The funny thing is, that arguably the most-abusive PrC of ALL is the Spelldancer, from WotC's Magic of Faerun.
And the hilarious thing is, Jeremy's wondrously-broken Spelldancer cheese is *completely by the rules.*
It hasn't been errated, or FAQ'd at all.
Nothing is stopping every single 3.0 Smack from simply using one Leadership feat to get a Spelldancer cohort, and have insane stats and buffs.

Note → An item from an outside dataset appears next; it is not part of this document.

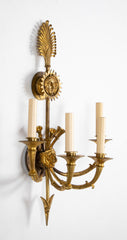 A Pair of Cast Brass Sconces in the Form of an Arrow with Face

That's exactly what I was getting at a month ago when I said "I think there should be some suggested limitations, because you know what kind of cheese there is out there, Jeremy. "


----------



## HidaSasuke (Dec 3, 2003)

This doesn't follow the base rules of the smackdown exactly, I'm ashamed to say.  It's 18 levels, and is best done over the course of two rounds of combat.  However, it's damaging enough that I think it's worth putting up, especially in the context of a WotC-only 3.5 smack.  I apologize if the format is confusing in any way.

Books: Core 3.5 rules, The Complete Warrior (WotC's 3.5 equivalent of Sword and Fist)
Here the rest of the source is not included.